Words for sorrow and sadness in Celtic languages.

Proto-Celtic *brugnos = saddness, pain
Old Irish (Goídelc) brón [broːn] = sorrow, grief, lamentation, distress, burden
Irish (Gaeilge) brón [bˠɾˠoːnˠ] = sorrow, grief, grieving, lamentation; distress, burden
brónach [ˈbˠɾˠoːnˠəx] = sad, sorrowful
Scottish Gaelic (Gàidhlig) bròn [brɔːn] = grief, sadness, sorrow, mourning, affliction
brònach [ˈbrɔːnəx] = doleful, miserable, rueful, sad, sorrowful; disconsolate
Manx (Gaelg) bran = sorrow, blackness of soul
branagh = mournful, black (as outlook)
Welsh (Cymraeg) brwyn [bruːɨ̯n / brʊi̯n] = sorrow, grief, sadness; sorrowful, grievous, sad, heavy; pensive

Etymology: possibly from Proto-Indo-European *gʷruHǵʰ-nó-, from *gʷrewHǵʰ- (to bite) + *-nós, or from *bʰreg- (to break) [source]..

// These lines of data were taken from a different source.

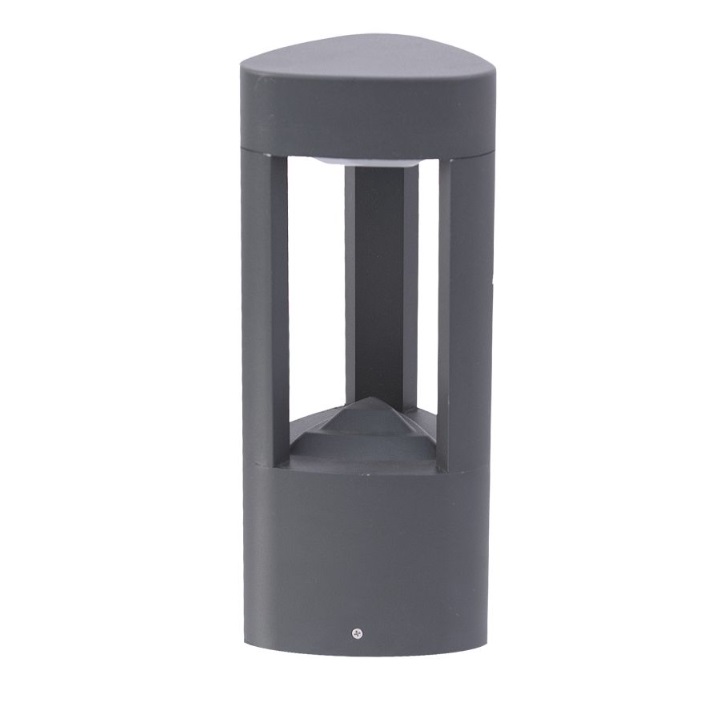 Słupek ogrodowy LED Fan 30 cm IP54 ciemnoszary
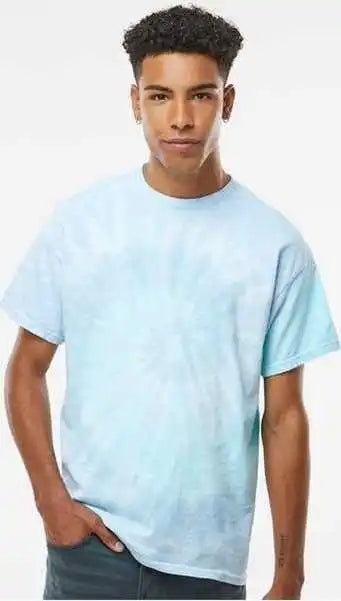 Colortone 1000 Multi-color Tie-dyed T-shirt - Lagoon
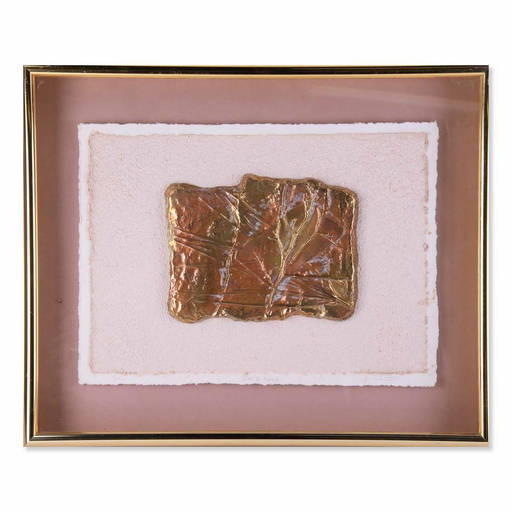 Abstract Metal Relief Sculpture "Time To Reflect" L/E Jan 23, 2021 Time Auction in NY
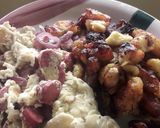 A picture of step 5 of Blessing’s Fried sauté egg & sausages and plantain.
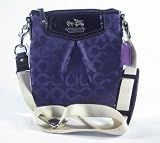 Coach Signature Madison Crossbody Messenger Bag Purse 43303 Raisin Purple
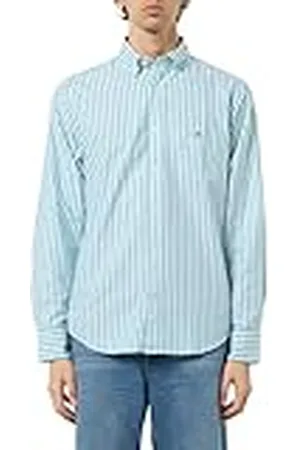 GANT REG CLASSIC OXFORD STRIPE SHIRT, , XL
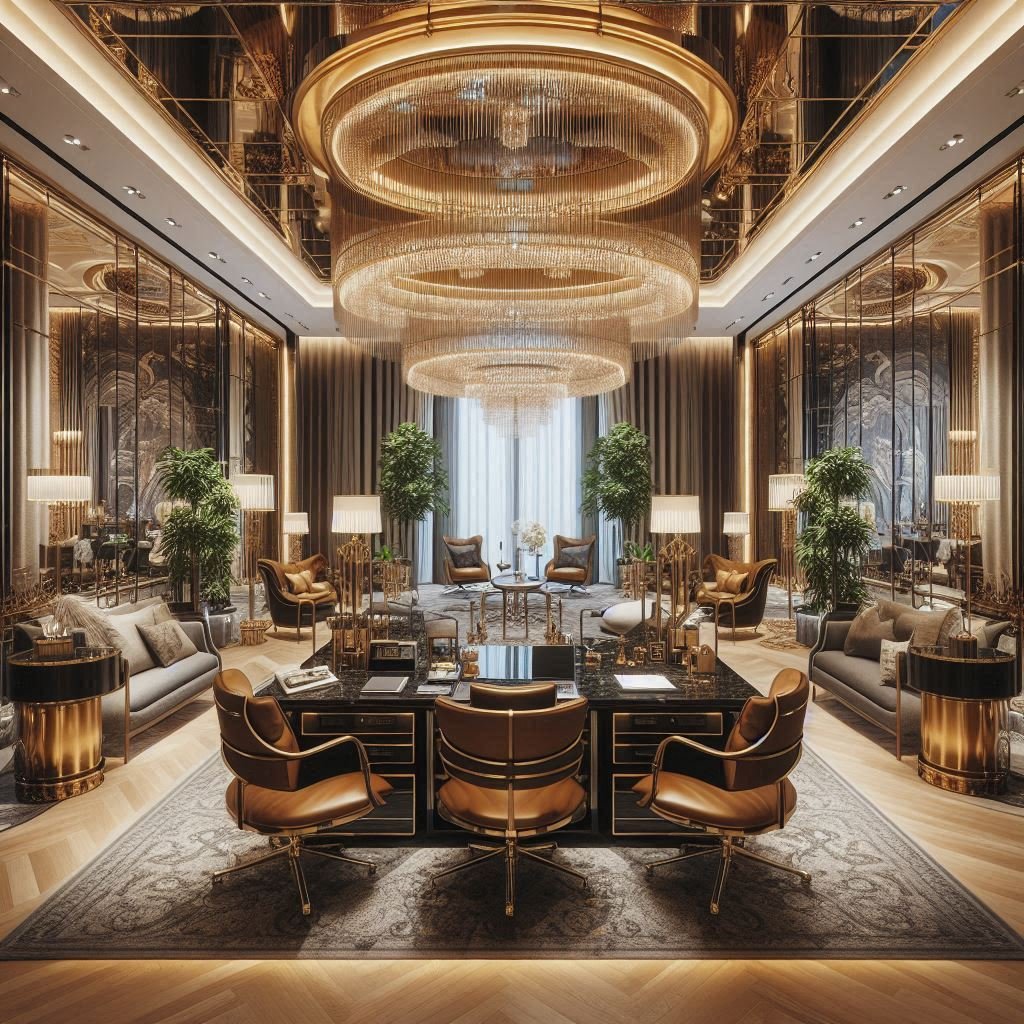 تصميم مكتب فاخر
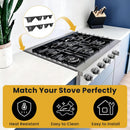 Stainless Steel Stove Gap Covers - 304 Stove Gap Filler, Easy retractable Length 13.8" to 27.5", Width 0.79", Heat Resistant Guard Between Stove Top & Counter, 2 Pck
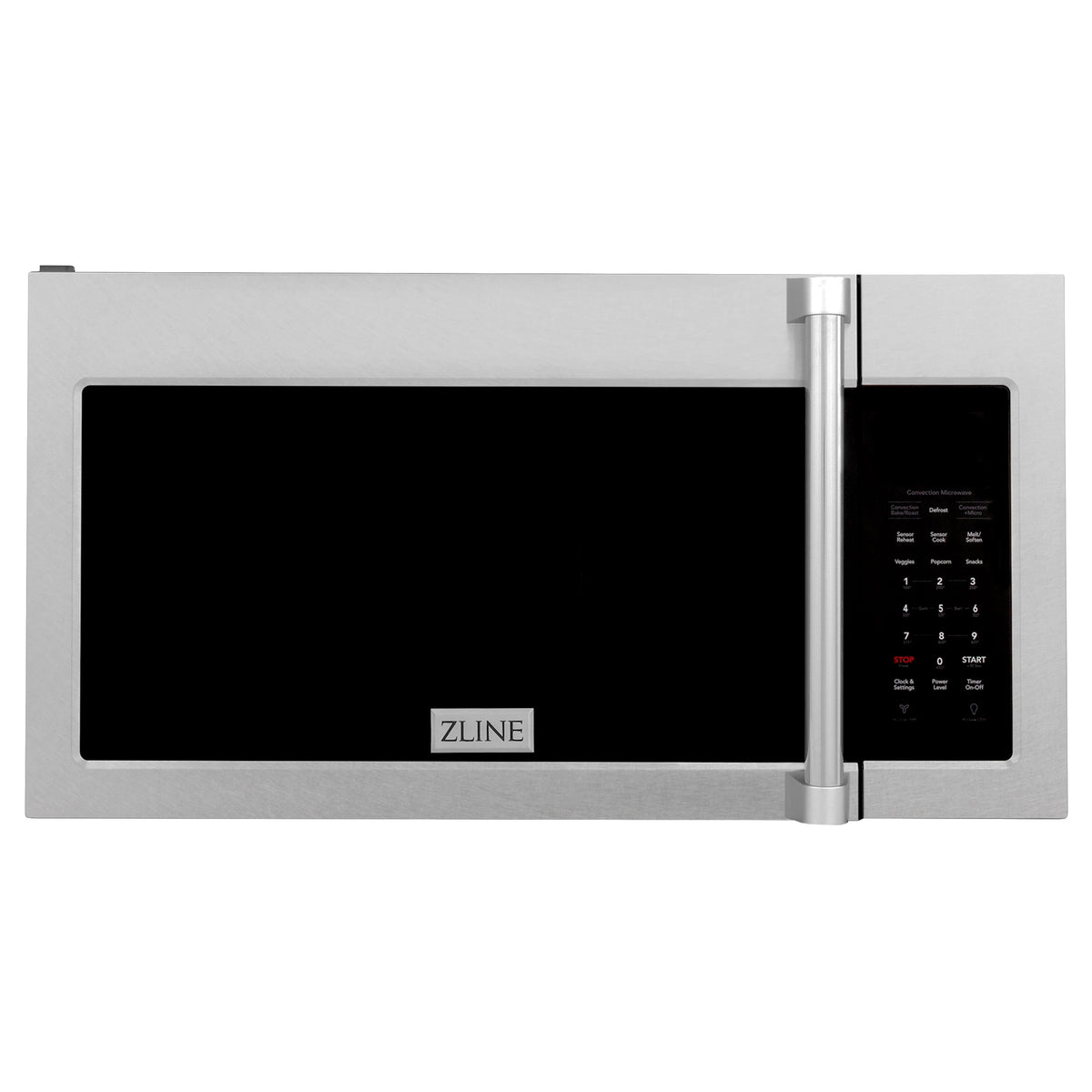 ZLINE 30&quot; 1.5 cu. ft. Over the Range Microwave in Fingerprint Resistant Stainless Steel, Traditional Handle and Set of 2 Charcoal Filters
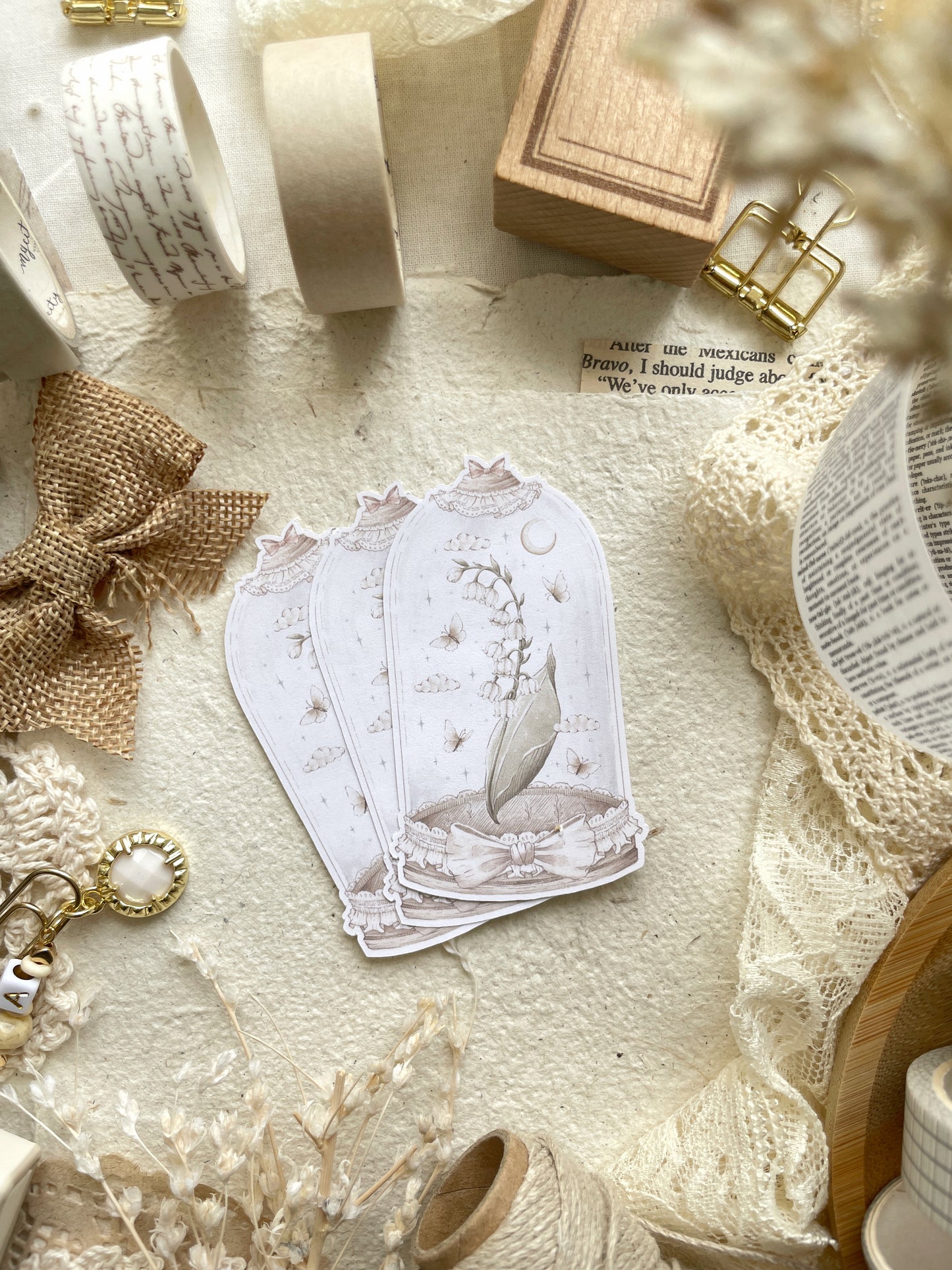 lily of the valley sticker flake 1.5x3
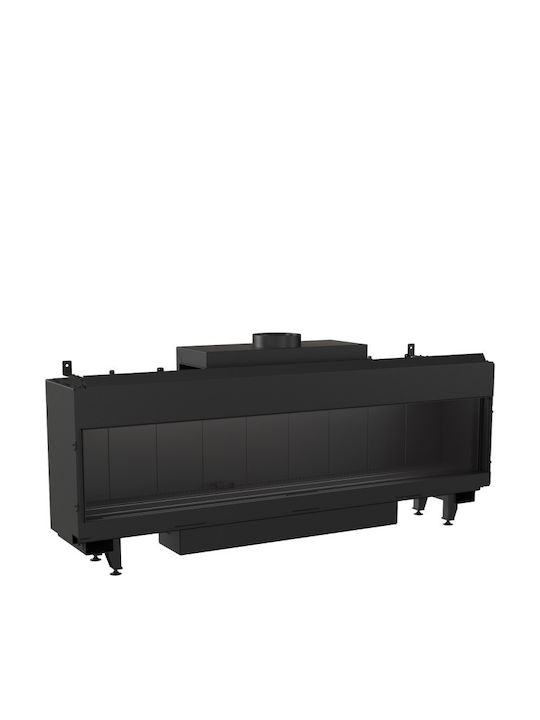 Kratki LEO 200 G20 Ενεργειακό Τζάκι Αερίου 16kW Ίσιο με Σταθερή Πόρτα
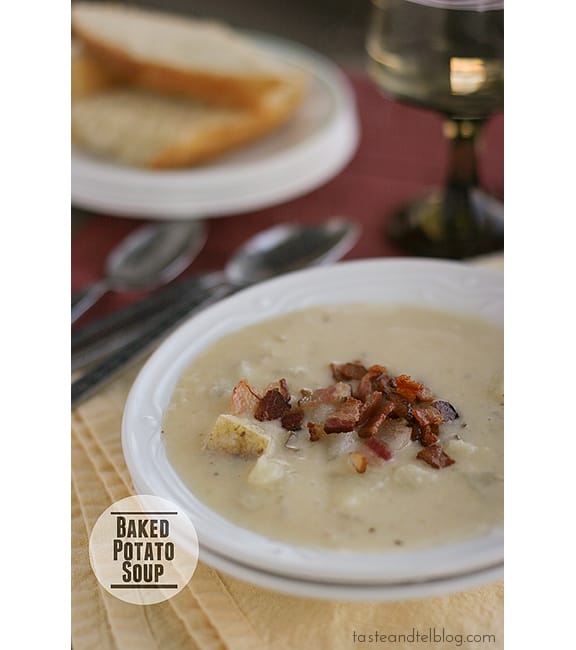 Baked Potato Soup | www.tasteandtellblog.com #recipe #soup #potato Baked Potato Soup | www.tasteandtellblog.com #recipe #soup #potato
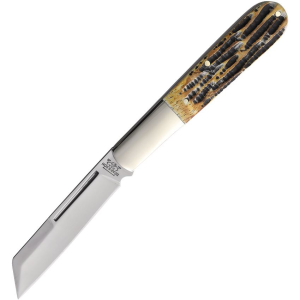 Bear & Son 5180 Large Sheepsfoot Barlow Knife Stag Handles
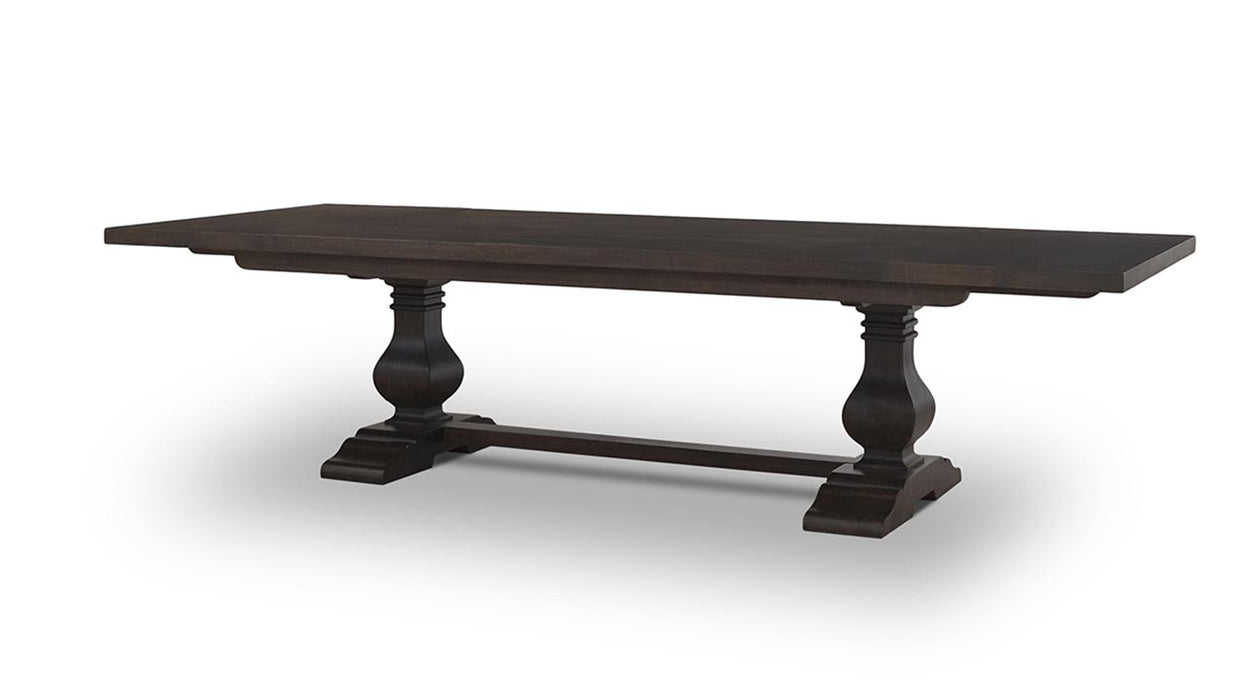 Bramble - Trestle Extension Table 96'' extends to 120'' w/o Grooves - BR-67486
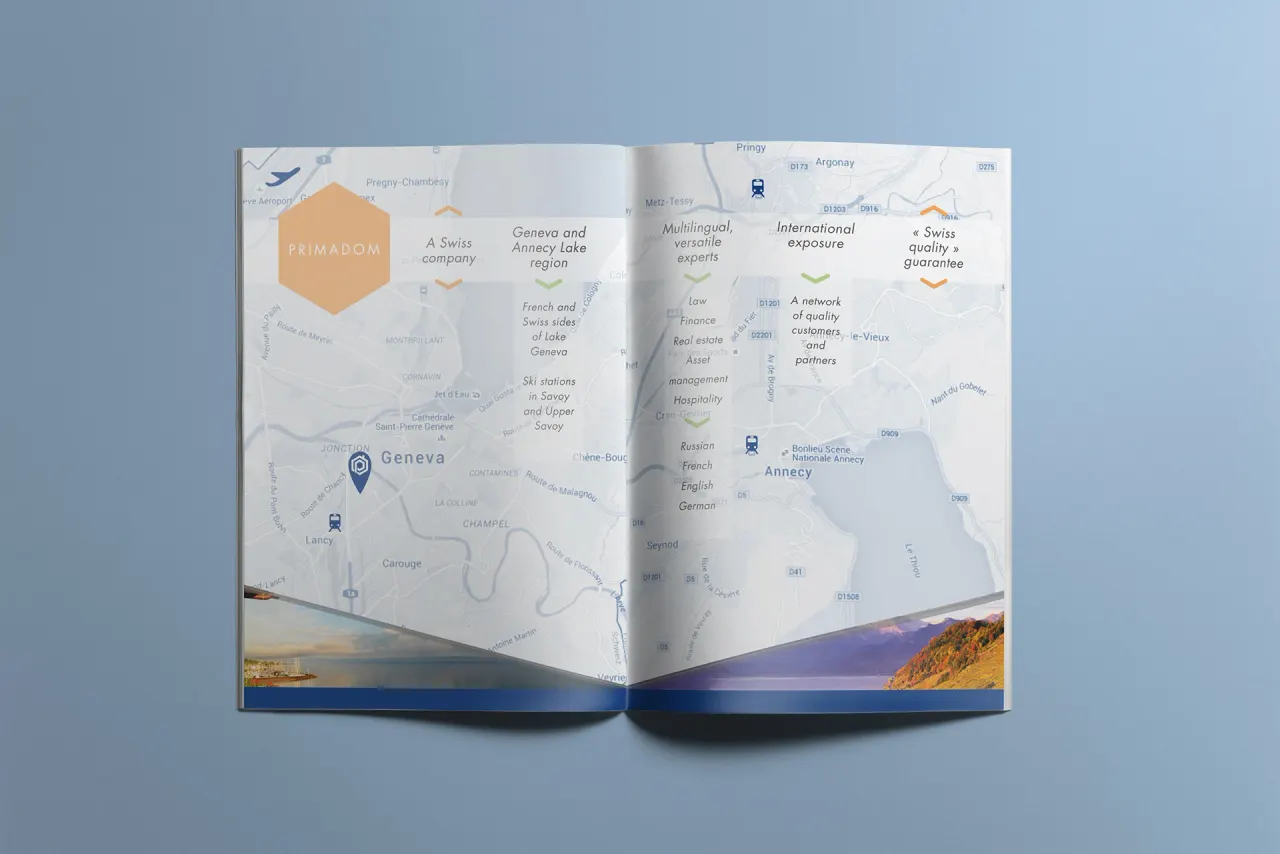 Brochure - PRIMADOM, graphisme et identité par Clément Calloud, image 2 sur 3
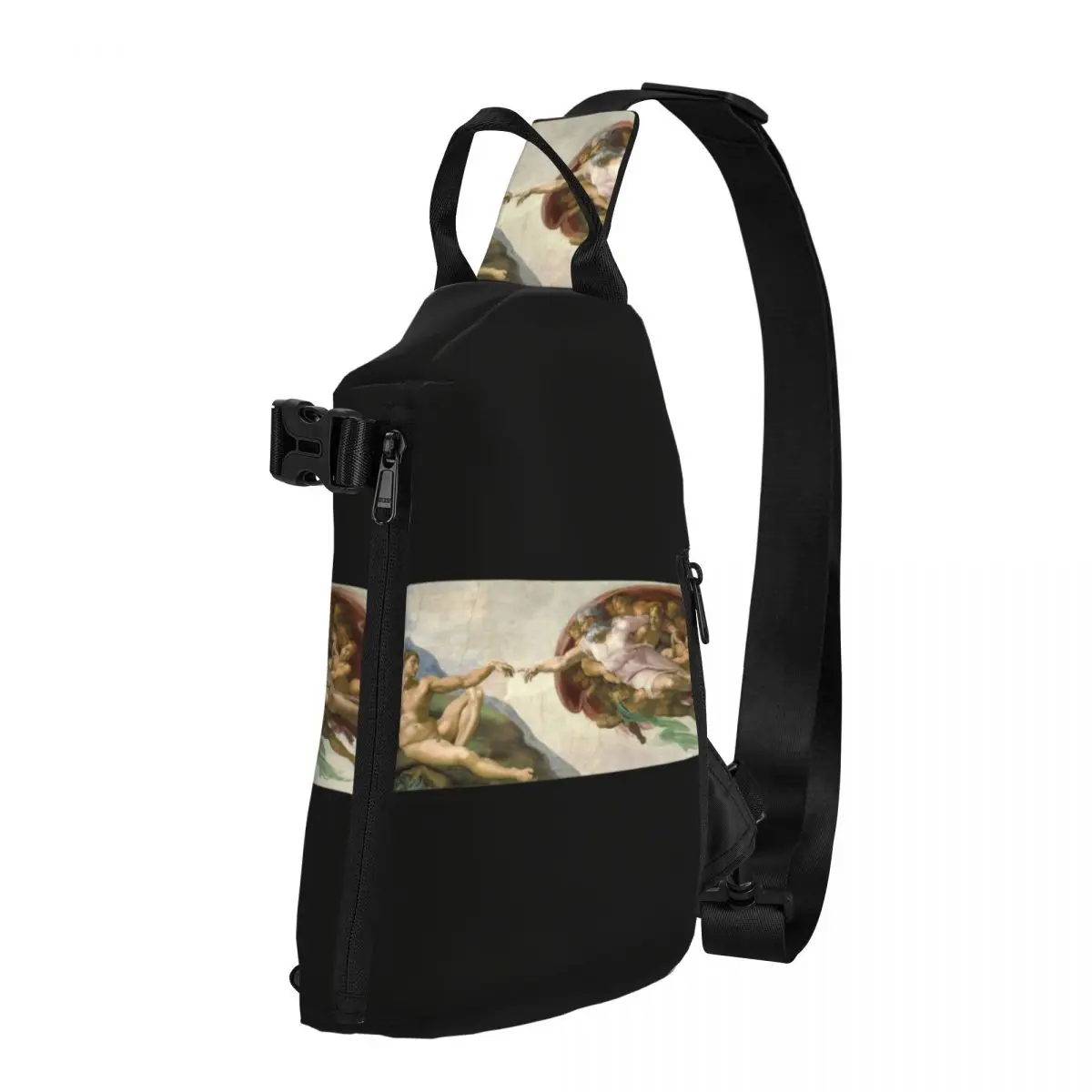 

The Creation Of Adam Michelangelo Shoulder Bags Painting Fashion Chest Bag Hiking Sling Bag Streetwear Designer Small Bags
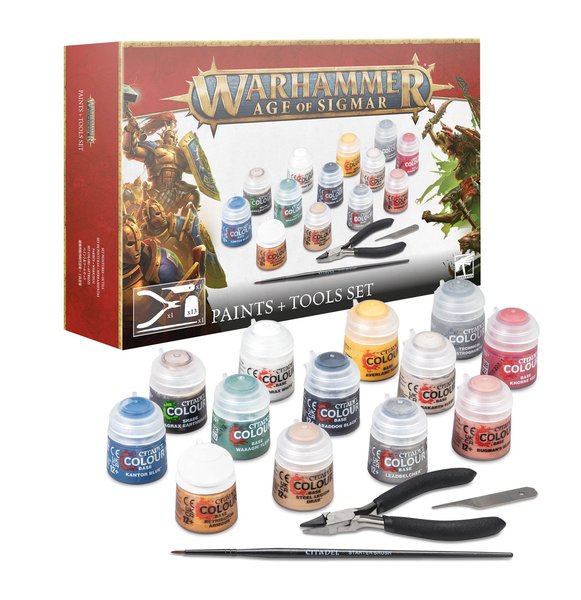 Age of Sigmar: Paints & Tools Set (2024)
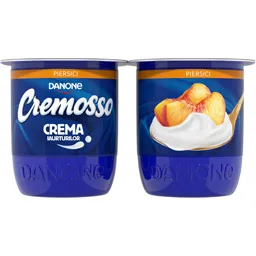 Iaurt cu piersici 3.6% grasime 125g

Welsh (Cymraeg) trist [triːst / trɪst] = sad, unhappy, sorrowful, mournful, pensive, downhearted, miserable, anxious
Cornish (Kernewek) trist = sad, mournful
Breton (Brezhoneg) trist = sad

Etymology: from Latin trīstis (sad, unhappy, melancholy, morose), from Proto-Indo-European *tréystis (stubborn, in a bad mood) [source].

Words marked with a * are reconstructions.